» TASK TO CARRY OUT
For this exercise, repeat the listing below from its first line through the line containing "Bedroom 1 can", exactly as written.

» INFORMATION GIVEN
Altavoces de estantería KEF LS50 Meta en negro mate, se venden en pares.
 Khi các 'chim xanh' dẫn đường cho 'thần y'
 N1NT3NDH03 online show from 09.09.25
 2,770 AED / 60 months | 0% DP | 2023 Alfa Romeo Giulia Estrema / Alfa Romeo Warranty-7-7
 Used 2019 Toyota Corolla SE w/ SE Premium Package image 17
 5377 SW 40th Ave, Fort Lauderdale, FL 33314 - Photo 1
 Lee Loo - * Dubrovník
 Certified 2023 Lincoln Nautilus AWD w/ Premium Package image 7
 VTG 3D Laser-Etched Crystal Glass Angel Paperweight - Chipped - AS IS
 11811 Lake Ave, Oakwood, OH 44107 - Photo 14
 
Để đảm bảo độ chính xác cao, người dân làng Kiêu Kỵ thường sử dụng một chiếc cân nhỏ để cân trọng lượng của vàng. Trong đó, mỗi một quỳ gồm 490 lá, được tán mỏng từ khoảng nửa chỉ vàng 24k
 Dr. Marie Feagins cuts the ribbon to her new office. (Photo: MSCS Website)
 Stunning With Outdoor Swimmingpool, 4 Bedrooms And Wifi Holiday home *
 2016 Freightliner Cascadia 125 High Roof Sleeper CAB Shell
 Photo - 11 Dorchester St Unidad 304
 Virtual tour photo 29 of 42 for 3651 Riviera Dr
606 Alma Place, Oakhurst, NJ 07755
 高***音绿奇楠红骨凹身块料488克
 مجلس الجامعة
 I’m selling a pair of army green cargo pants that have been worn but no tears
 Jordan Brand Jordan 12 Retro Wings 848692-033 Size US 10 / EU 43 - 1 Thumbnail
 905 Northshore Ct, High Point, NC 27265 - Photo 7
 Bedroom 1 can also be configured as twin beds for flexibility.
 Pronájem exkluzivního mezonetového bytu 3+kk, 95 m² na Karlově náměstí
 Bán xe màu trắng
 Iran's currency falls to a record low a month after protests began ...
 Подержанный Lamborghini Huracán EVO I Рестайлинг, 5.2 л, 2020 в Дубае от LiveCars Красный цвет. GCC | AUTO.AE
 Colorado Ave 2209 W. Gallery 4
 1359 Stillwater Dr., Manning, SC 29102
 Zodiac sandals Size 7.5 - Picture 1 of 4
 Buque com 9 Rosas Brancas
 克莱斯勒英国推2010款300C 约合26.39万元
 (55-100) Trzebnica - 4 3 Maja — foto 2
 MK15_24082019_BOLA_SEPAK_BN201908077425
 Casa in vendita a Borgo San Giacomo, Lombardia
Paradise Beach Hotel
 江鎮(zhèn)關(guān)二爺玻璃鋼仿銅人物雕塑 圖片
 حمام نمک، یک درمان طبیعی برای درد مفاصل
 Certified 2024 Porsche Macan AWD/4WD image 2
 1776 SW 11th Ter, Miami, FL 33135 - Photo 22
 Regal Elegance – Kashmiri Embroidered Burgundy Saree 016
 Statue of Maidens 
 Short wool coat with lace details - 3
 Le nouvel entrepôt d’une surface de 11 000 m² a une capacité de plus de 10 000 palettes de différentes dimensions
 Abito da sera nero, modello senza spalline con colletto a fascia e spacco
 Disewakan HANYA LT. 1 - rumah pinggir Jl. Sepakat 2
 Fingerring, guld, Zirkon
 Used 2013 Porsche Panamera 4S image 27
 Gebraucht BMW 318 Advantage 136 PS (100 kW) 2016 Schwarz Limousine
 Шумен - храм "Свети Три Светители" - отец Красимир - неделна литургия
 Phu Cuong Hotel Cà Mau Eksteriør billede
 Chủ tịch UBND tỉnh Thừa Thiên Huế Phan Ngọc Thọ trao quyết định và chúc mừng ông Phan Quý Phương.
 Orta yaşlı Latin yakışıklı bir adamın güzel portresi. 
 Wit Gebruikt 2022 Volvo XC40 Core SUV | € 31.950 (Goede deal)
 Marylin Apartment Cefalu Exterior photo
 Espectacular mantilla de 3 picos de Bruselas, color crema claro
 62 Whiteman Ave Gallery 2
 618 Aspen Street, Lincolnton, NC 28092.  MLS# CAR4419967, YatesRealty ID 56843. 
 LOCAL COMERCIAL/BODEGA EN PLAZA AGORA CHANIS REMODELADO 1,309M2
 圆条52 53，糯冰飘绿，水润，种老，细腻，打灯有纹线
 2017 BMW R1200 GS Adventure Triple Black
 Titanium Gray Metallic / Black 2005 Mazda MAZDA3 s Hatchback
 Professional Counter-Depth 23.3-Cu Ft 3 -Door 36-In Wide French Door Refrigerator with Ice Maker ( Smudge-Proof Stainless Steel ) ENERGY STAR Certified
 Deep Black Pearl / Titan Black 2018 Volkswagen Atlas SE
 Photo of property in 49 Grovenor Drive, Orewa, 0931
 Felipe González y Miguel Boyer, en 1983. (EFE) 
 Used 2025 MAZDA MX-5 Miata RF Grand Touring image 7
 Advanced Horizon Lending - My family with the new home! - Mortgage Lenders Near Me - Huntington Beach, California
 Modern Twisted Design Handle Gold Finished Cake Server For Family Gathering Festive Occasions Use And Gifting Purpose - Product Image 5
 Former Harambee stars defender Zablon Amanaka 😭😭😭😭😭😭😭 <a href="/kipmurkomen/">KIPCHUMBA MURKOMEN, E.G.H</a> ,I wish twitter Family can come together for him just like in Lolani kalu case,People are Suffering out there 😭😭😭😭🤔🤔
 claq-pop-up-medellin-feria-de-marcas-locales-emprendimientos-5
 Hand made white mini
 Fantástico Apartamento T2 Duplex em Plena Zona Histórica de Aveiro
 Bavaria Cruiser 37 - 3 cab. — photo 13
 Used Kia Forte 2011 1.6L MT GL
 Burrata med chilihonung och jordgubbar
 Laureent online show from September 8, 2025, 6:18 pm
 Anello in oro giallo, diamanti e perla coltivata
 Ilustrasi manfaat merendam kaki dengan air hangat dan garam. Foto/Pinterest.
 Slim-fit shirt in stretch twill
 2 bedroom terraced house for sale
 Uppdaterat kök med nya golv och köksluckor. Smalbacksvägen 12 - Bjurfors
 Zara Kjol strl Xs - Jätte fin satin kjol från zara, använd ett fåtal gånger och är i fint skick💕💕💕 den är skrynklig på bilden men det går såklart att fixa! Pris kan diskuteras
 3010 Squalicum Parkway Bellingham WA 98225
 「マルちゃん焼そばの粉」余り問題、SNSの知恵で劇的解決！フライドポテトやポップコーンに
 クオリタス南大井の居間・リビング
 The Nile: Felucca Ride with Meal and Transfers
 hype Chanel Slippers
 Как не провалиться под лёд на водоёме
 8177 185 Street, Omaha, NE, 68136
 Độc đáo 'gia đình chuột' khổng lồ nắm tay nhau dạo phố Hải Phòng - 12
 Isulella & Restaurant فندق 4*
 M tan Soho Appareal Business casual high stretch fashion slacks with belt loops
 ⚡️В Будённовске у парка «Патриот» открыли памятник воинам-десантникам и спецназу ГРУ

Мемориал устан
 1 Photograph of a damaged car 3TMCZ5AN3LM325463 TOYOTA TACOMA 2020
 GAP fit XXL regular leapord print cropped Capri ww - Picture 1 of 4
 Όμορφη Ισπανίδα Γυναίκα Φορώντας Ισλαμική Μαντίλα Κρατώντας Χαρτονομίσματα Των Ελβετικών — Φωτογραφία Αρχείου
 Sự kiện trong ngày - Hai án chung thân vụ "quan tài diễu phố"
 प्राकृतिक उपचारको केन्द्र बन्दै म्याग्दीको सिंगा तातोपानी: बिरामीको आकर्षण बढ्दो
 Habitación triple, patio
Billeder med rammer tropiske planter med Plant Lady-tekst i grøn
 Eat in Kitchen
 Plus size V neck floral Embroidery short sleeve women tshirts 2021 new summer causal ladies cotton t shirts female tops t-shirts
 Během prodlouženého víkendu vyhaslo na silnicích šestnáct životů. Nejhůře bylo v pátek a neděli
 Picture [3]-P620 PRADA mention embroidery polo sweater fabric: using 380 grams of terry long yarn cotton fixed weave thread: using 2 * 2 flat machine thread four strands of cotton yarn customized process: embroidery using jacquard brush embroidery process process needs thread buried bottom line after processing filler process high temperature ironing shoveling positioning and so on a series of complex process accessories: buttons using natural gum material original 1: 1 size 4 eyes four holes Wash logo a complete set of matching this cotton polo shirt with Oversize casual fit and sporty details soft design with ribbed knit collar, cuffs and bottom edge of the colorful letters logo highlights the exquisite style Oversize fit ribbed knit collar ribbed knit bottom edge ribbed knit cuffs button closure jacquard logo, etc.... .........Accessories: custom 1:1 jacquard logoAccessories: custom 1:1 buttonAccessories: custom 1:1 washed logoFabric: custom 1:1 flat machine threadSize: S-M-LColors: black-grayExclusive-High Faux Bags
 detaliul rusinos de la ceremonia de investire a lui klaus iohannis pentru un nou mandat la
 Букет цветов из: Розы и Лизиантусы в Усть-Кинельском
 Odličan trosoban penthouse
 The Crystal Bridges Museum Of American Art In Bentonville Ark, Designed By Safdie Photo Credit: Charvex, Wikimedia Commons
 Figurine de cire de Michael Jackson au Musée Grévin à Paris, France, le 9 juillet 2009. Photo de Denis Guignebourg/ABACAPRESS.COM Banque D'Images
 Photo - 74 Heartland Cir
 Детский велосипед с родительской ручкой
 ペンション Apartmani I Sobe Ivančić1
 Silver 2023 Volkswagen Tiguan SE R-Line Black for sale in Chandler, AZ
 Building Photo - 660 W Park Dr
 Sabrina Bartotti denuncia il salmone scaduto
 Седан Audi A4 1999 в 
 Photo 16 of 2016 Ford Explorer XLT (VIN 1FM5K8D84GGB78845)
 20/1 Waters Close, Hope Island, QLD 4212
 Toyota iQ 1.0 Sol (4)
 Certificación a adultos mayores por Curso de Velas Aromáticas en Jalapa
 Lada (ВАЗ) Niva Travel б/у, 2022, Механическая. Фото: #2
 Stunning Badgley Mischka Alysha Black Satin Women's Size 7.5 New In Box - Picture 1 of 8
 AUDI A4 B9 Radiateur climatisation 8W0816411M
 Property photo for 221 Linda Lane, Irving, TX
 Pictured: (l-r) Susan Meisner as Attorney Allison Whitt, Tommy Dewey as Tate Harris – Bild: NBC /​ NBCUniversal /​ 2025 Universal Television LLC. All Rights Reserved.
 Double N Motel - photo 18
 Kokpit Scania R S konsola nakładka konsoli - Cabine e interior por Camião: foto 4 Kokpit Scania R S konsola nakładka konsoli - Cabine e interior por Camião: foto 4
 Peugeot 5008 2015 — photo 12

» ANSWER
Altavoces de estantería KEF LS50 Meta en negro mate, se venden en pares.
 Khi các 'chim xanh' dẫn đường cho 'thần y'
 N1NT3NDH03 online show from 09.09.25
 2,770 AED / 60 months | 0% DP | 2023 Alfa Romeo Giulia Estrema / Alfa Romeo Warranty-7-7
 Used 2019 Toyota Corolla SE w/ SE Premium Package image 17
 5377 SW 40th Ave, Fort Lauderdale, FL 33314 - Photo 1
 Lee Loo - * Dubrovník
 Certified 2023 Lincoln Nautilus AWD w/ Premium Package image 7
 VTG 3D Laser-Etched Crystal Glass Angel Paperweight - Chipped - AS IS
 11811 Lake Ave, Oakwood, OH 44107 - Photo 14
 
Để đảm bảo độ chính xác cao, người dân làng Kiêu Kỵ thường sử dụng một chiếc cân nhỏ để cân trọng lượng của vàng. Trong đó, mỗi một quỳ gồm 490 lá, được tán mỏng từ khoảng nửa chỉ vàng 24k
 Dr. Marie Feagins cuts the ribbon to her new office. (Photo: MSCS Website)
 Stunning With Outdoor Swimmingpool, 4 Bedrooms And Wifi Holiday home *
 2016 Freightliner Cascadia 125 High Roof Sleeper CAB Shell
 Photo - 11 Dorchester St Unidad 304
 Virtual tour photo 29 of 42 for 3651 Riviera Dr
606 Alma Place, Oakhurst, NJ 07755
 高***音绿奇楠红骨凹身块料488克
 مجلس الجامعة
 I’m selling a pair of army green cargo pants that have been worn but no tears
 Jordan Brand Jordan 12 Retro Wings 848692-033 Size US 10 / EU 43 - 1 Thumbnail
 905 Northshore Ct, High Point, NC 27265 - Photo 7
 Bedroom 1 can also be configured as twin beds for flexibility.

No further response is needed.